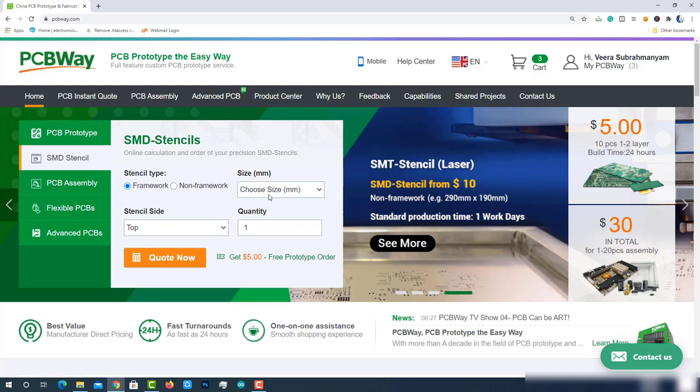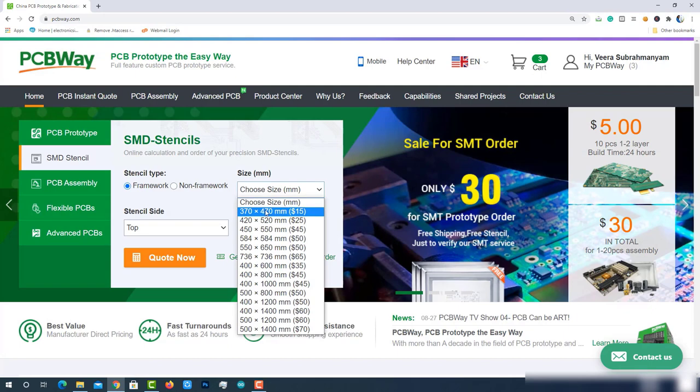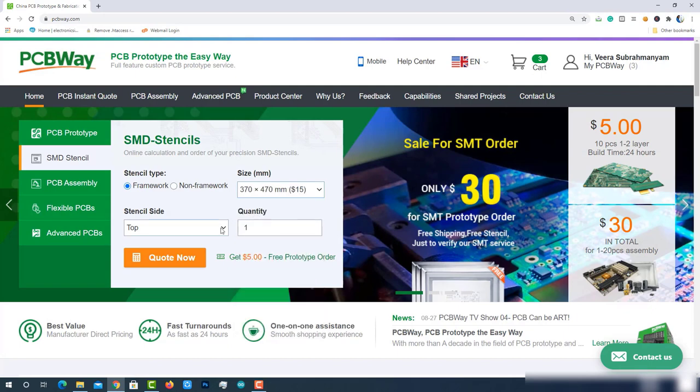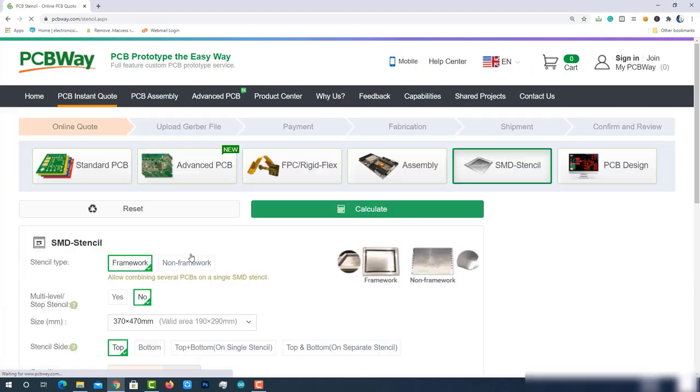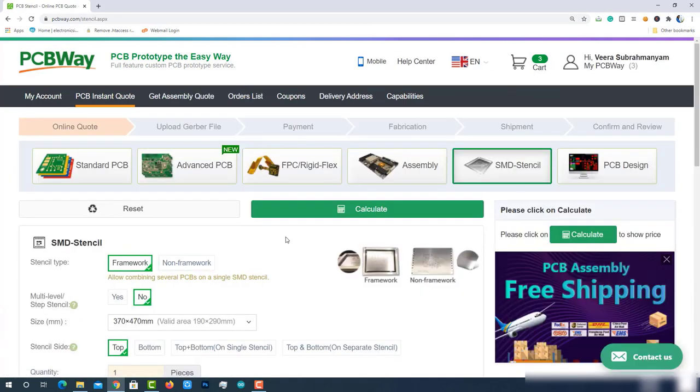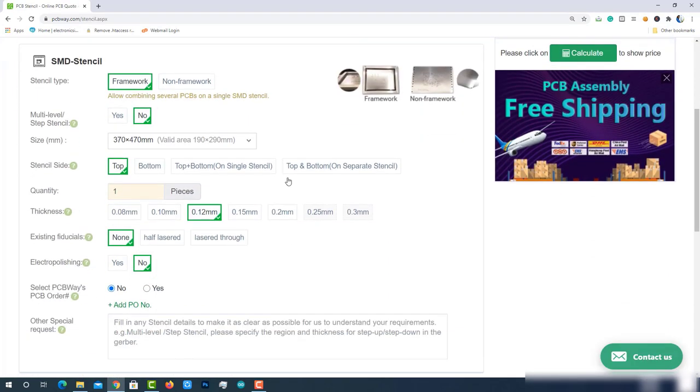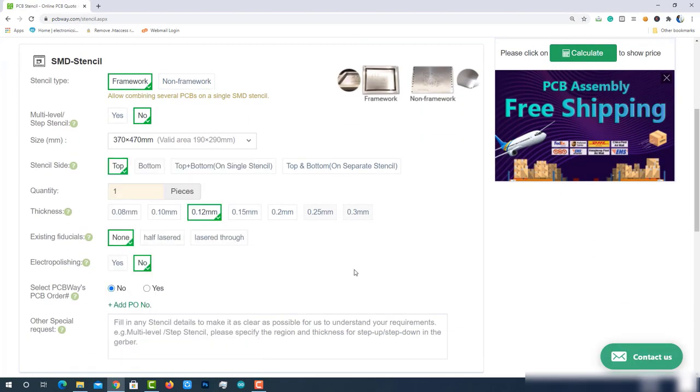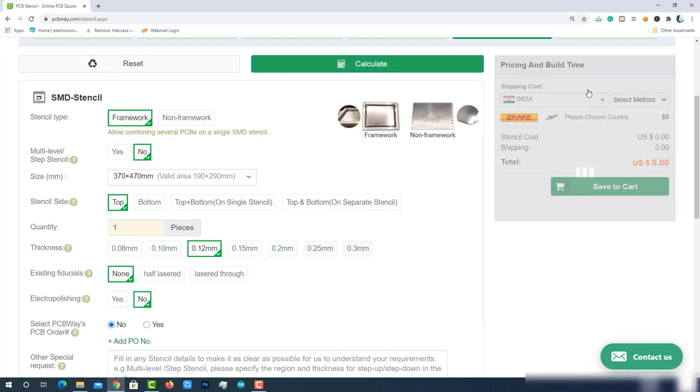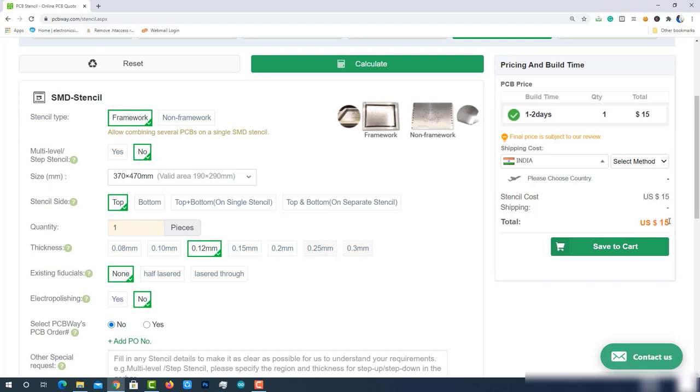Just choose stencil type, size, stencil side and quantity. Then click on quote now. Check other advanced parameters here, then calculate. You can get it at $15 which is the best price in the current industry. Select the shipment method and complete the order.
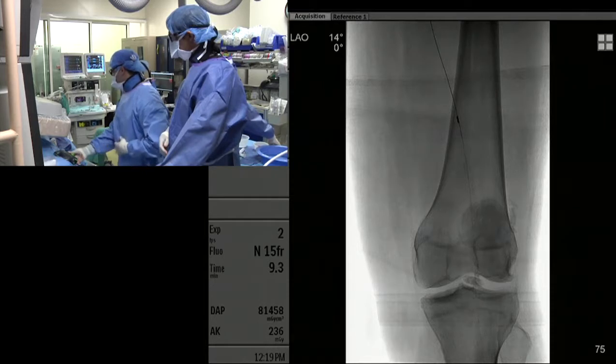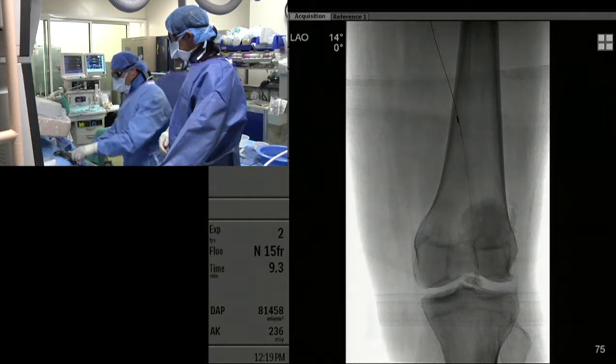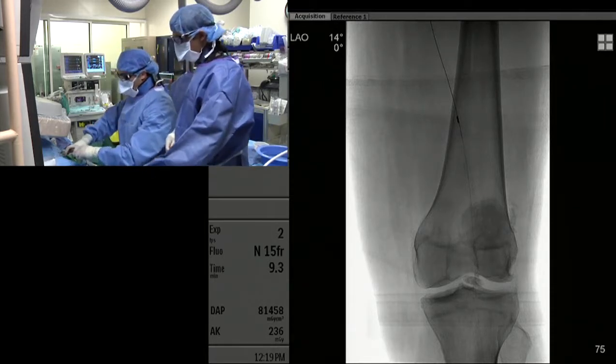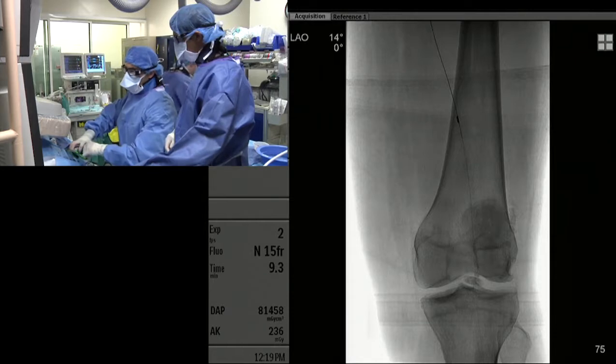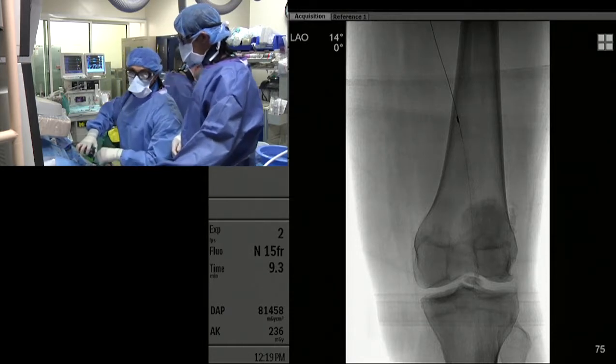We did three passes and got that distal lesion. We're going to exchange this out, balloon, and as long as we get a good result with ballooning, we'll be done.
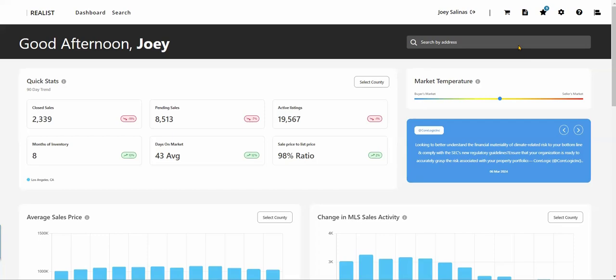Realist Tax is offered to CRMLS Matrix and FlexMLS users, and provides in-depth tax record information on properties across California, including sales history, basic facts, and additional reporting.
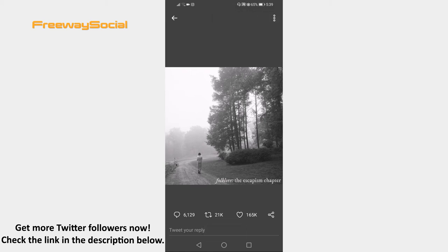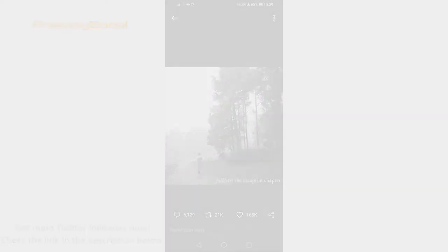Done! You have successfully saved the Twitter image to your mobile device. I hope this guide was helpful and you were able to save images on Twitter app. Don't forget to like this video and visit us at FreewaySocial.com.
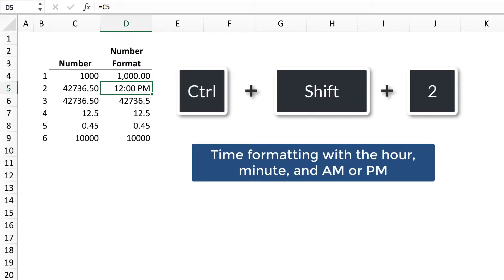Control-Shift-2 applies time formatting with the hour, minute, and a.m. or p.m.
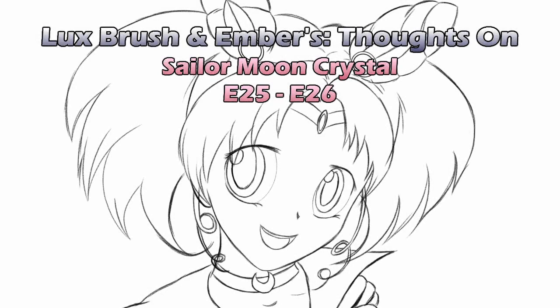Yay, everything's being recorded now, woohoo! And that's any different how. Hello, I'm Lux. And I'm Ember. And this is our thoughts on Sailor Moon Crystal episodes 25 and 26.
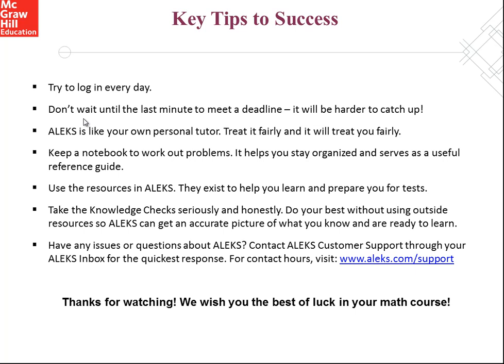If you ever have any technical questions about ALEKS, contact ALEKS customer support through your ALEKS inbox for the quickest response. For contact hours visit www.aleks.com/support. Thanks for watching. We wish you the best of luck in your math course.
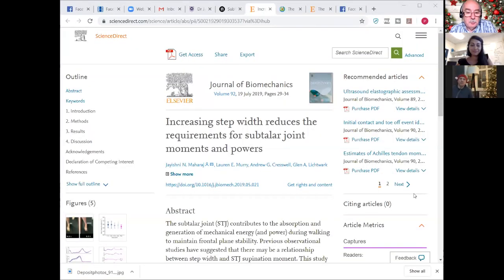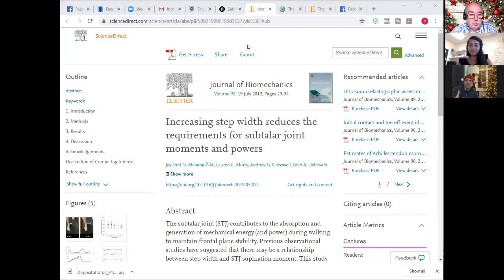Let's quickly touch on step width — it's super interesting because in the running literature we have step width recommendations for reducing ITB strain and tibial stress. If someone runs with a narrow step width, we often encourage them to increase step width in the presence of ITB or MTSS problems. Is your paper saying that with tibialis posterior issues we could or should be encouraging them to increase step width as well? And is this walking, running, or both?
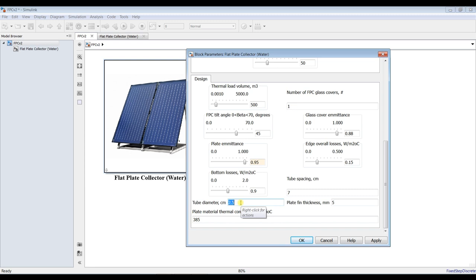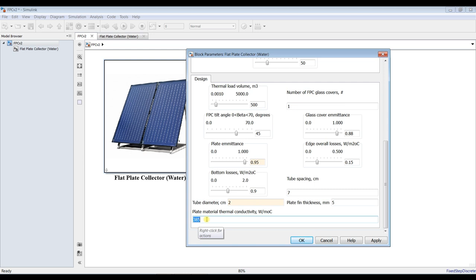For the flat plate collector, as you can see in this side photo, it's just a tube. I'm going for just two centimeters tube diameter. Plate thickness: five millimeters — suppose it's copper. When you change the material, you have to change the thermal conductivity based on your plate material. You can extract this value from the scientific appendix. Tube spacing: suppose I'm going for 10 centimeters spacing between tubes. Hit apply.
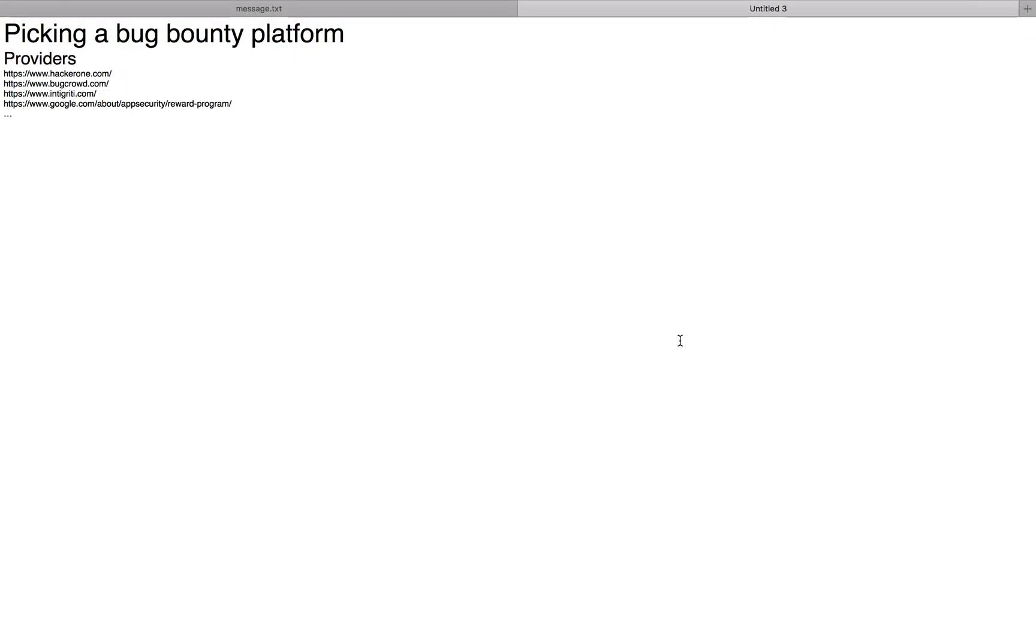Hey everybody, today I'm going to go over a few bug bounty providers and the positives and negatives of each one.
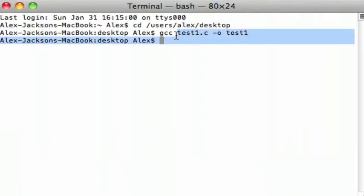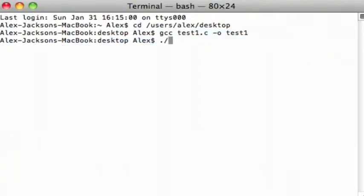you just type dot slash test one in this case, or whatever you called it, while still cd'd into your directory.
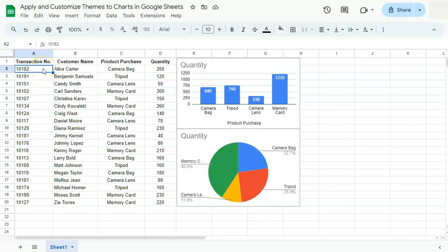In today's video, I'm going to show you how to apply and customize themes to your charts here in Google Sheets.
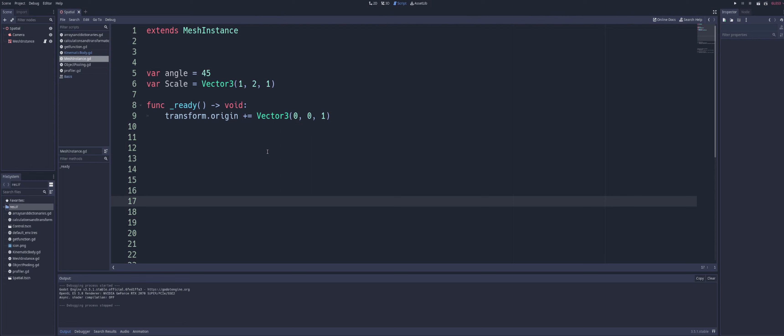Now, in this code, we are modifying the origin component of the transform by adding a vector3 to it. That represents, in this case, a movement of one unit in the positive z-axis direction.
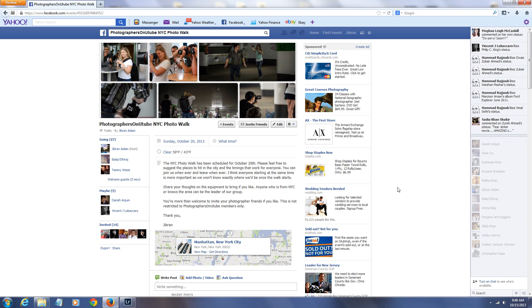This is Photographers on YouTube Photo Walk, but anyone is more than welcome to join. If you have any friends who want to come, you could let them know.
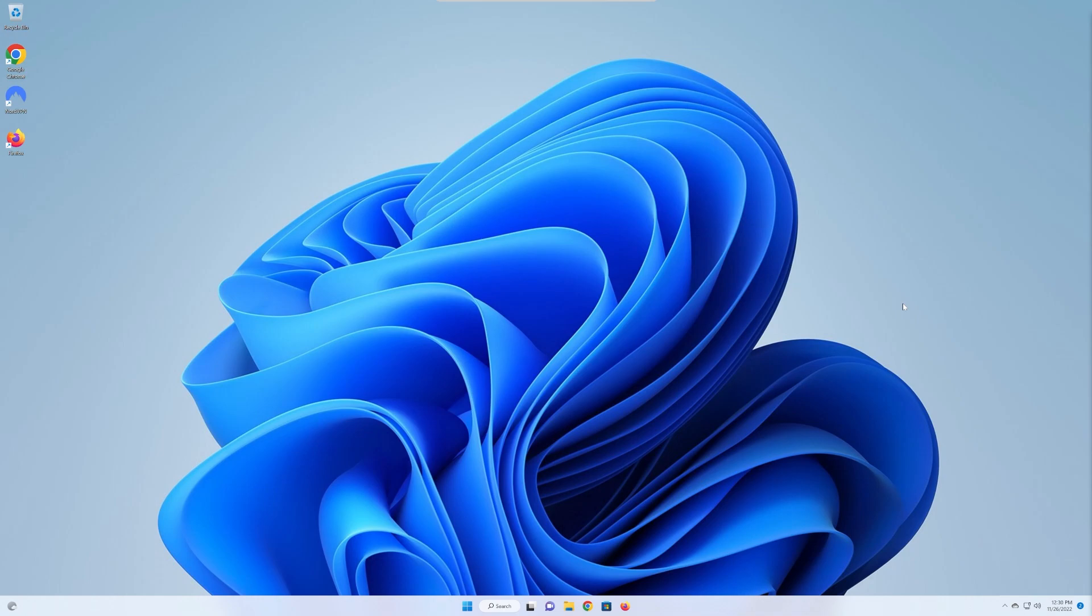Windows isn't known to be the most efficient operating system out there, but we can change and configure things to give you the best results and make your computer as efficient as possible. First things first, let's look at the apps that we open on startup.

Task directions
Whatever lies between the first line of the data and the line holding "Realist Tax is", inclusive, should be repeated exactly, apart from the pictures.

Exercise result
Just choose stencil type, size, stencil side and quantity. Then click on quote now. Check other advanced parameters here, then calculate. You can get it at $15 which is the best price in the current industry. Select the shipment method and complete the order.
We did three passes and got that distal lesion. We're going to exchange this out, balloon, and as long as we get a good result with ballooning, we'll be done.
Realist Tax is offered to CRMLS Matrix and FlexMLS users, and provides in-depth tax record information on properties across California, including sales history, basic facts, and additional reporting.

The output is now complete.